What is the trend?  It would be wrong to underestimate the strength of the pro-embargo forces – note Congressional voting patterns, the Florida legislature’s passage of legislation to punish firms that do business with Cuba, and the fact that Senator Nelson remains in Miami’s camp, not Tampa’s. 

But the changes taking place are important.  No other state has stood so strong for the Cuba embargo, and the strength of its argument in presidential politics was sapped by the 50-50 split in the Cuban-American vote in the 2012 election.  Tampa’s argument for change based on economic and foreign policy interests can only augur well for the future.

Odds and ends

  • Herald: One of Rep. Joe Garcia’s staffers is gone and another is on leave after the feds searched their homes in an election fraud probe.  During last year’s Democratic primary election they allegedly went on-line, using computers with masked IP addresses, to request absentee ballots in the names of hundreds of voters.  It is not clear from any of the articles how they planned to obtain the absentee ballots, once issued.  In the event, authorities smelled something fishy and did not act on the requests.  Garcia says he did not know of the scheme.  He is cooperating in the investigation and conducting his own investigation, and while he is angry about the scheme, he said: “I think it was a well-intentioned attempt to maximize voter turnout.”  Strange.  The primary was already marred by apparent fraud in the case of David Rivera’s straw-man candidate Justin Lamar Sternad.  Now it appears to be bipartisan.

  • Herald: The Florida law designed to punish the Brazilian firm Odebrecht for the business it does in Cuba was struck down by a federal appeals court.  Earlier note on the Florida law here.

·         Progreso Weekly interviews Jorge Pinon of the University of Texas on Cuba’s energy future.  Note his comments on ethanol, the untapped resource that could revive sugar production, creating jobs and producing by his estimate 70,000 barrels of the fuel per day.  See also Reuters on the Russian company Zarubezhneft that is abandoning a deep-water exploration project and says it will be back next year.

  • El Pais on the difficult story of the 115 Cuban dissidents who were released from jail and went to Spain (along with 650 relatives) in 2011: “big intentions, insufficient planning, too many surprises, and very few resources.”
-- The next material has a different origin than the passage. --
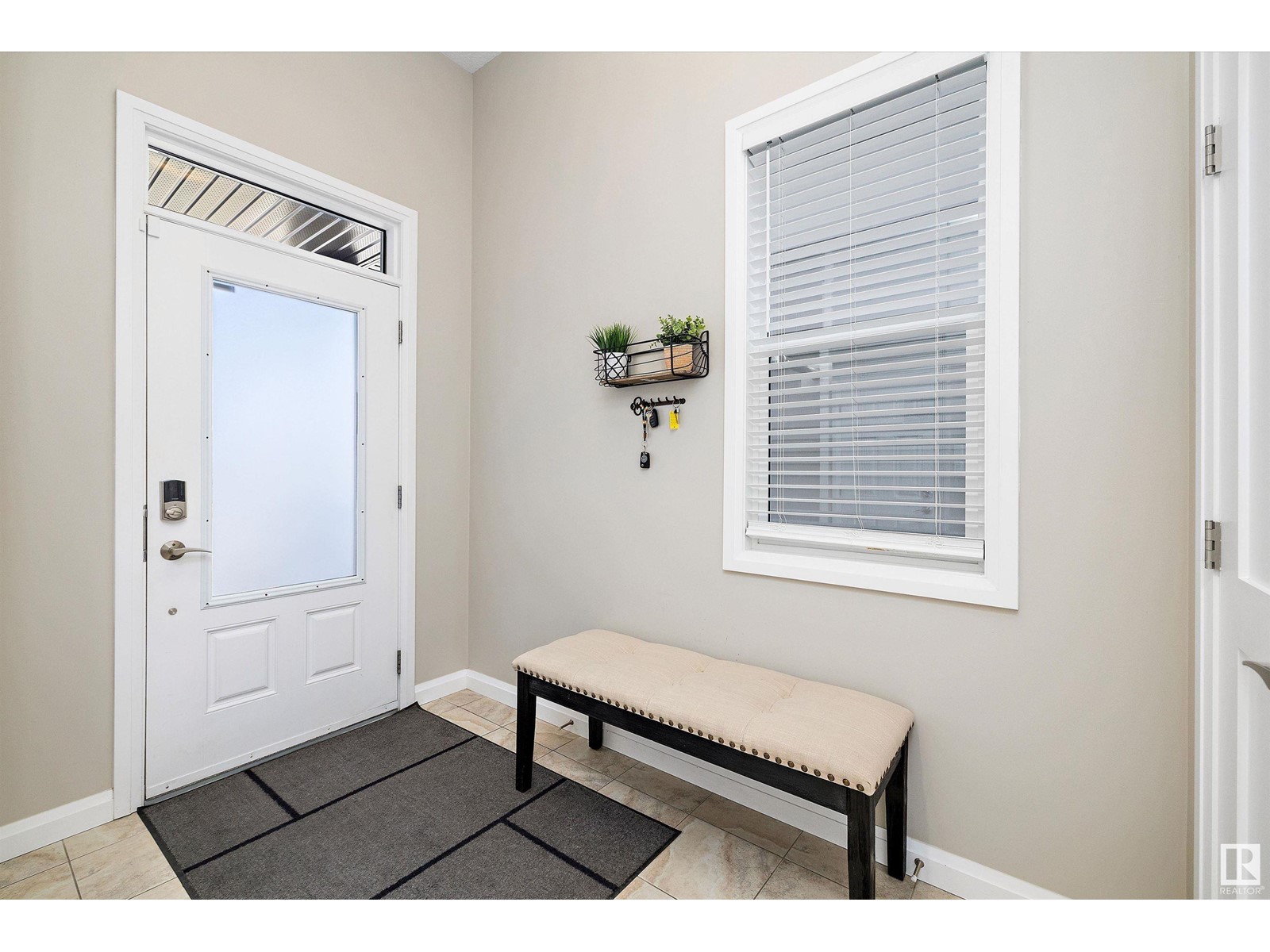 4723 Crabapple Ru Sw, Edmonton, Alberta  T8X 0Y7 - Photo 2 - E4437624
·         Diario de Cuba: Cuba’s national baseball team will come to the United States to play a few games next month.  As for Cubans in the majors, the Dodgers called up outfielder Yasiel Puig and he’s not doing badly, hitting a grand slam last night; see also here and here.

  • JTA: Jailed USAID contractor Alan Gross settled his lawsuit with DAI, his employer, and his separate suit against the U.S. government was dismissed.  There’s more at Along the Malecon.  CNN reports that Cuba will permit a U.S. doctor to examine Gross; last September his family requested such an examination.

·         Havana Times has an English translation of an interview that the BBC’s Fernando Ravsberg did with Rene Gonzalez, one of the “Cuban Five” intelligence agents who completed his sentence in the United States and has returned to Cuba.

  • El Pais interviews economics professor Carmelo Mesa-Lago on the economic reforms in Cuba.